“I want so much to surprise her,” she said, speaking in a whisper, “and you have been so kind to us both that I thought it might not trouble you very much if I asked you to make the selection for me, and see to the engraving. Wilford gave me fifty dollars, all I needed, as I had fifty more of my own, and now that I have a baby, I am sure I shall never again care to go out. My darling baby, how small the whole world seems to me now when compared with her,” and the little mother glanced lovingly at the crib where slept the baby, worth more than all the world.
“Yes,” Mrs. Banker said, thoughtfully, as she rolled up the bills, “you wish me to get as heavy bracelets as I can find—for the hundred dollars.”
“Yes,” Katy replied, “I think that will please her, don’t you?”

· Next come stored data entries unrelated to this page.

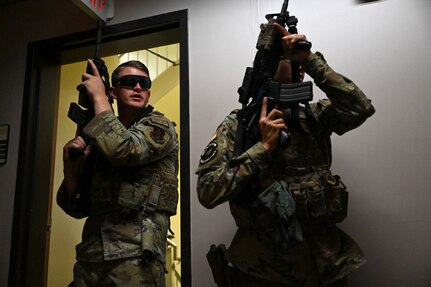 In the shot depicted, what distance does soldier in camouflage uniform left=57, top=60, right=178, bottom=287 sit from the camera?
5.15 ft

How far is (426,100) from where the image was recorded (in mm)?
1862

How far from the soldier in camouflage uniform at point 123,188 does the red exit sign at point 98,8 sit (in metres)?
0.63

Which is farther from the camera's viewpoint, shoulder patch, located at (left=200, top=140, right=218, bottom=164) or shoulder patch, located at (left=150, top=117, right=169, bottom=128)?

Mrs. Banker knew Katy’s fondness for jewelry, and knowing, too, that her girlhood was spent in comparative poverty, she could readily understand how she would gratify her taste when circumstances were favorable; but Helen was different, and she felt certain that the hundred dollars could be spent to better advantage and in a manner more satisfactory to her. Still she hardly liked to interfere until Katy, observing her hesitancy, asked again if she did not think Helen would be pleased.

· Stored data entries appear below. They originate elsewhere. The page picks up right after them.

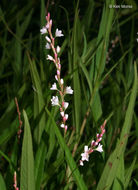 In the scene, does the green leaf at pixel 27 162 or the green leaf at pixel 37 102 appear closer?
the green leaf at pixel 27 162

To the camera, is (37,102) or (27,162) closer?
(27,162)

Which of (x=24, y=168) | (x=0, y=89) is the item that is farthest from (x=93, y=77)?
(x=0, y=89)

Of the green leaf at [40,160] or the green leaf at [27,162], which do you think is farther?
the green leaf at [40,160]

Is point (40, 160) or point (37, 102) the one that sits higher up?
point (37, 102)

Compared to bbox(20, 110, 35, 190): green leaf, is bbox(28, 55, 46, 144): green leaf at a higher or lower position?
higher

“Yes, pleased with anything you choose to give her, but—excuse me, dear Mrs. Cameron, if I speak as openly as if I were the mother of you both. Bracelets are suitable for you who can have everything else, but is there not something your sister needs more, something which will do more good? Now, allowing me to suggest, I should say, buy her some furs, and let the bracelets go. In Silverton her furs were well enough, but here, as the sister of Mrs. Wilford Cameron, she is deserving of better.”
It was the first time that Katy had thought that in New York her sister might need more than at home. Seeing her only in the dim sickroom, the contrast between Helen and her and her husband’s sisters had not struck her, or if it had, she gave the preference to Helen in her dark merino and linen collar, rather than to Juno in her silks and velvet; but she understood Mrs. Banker at once, her cheeks reddening as there flashed upon her the reason why Wilford had never yet been in the street with Helen, notwithstanding that she had more than once requested it.
“You are right,” she said. “It was thoughtless in me not to think of this myself. Helen shall have the furs, and whatever else is necessary. I am so glad you reminded me of it. You are kind as my own mother,” and Katy kissed her friend fondly as she bade her good-by, charging her a dozen times not to let Helen know the surprise in store for her.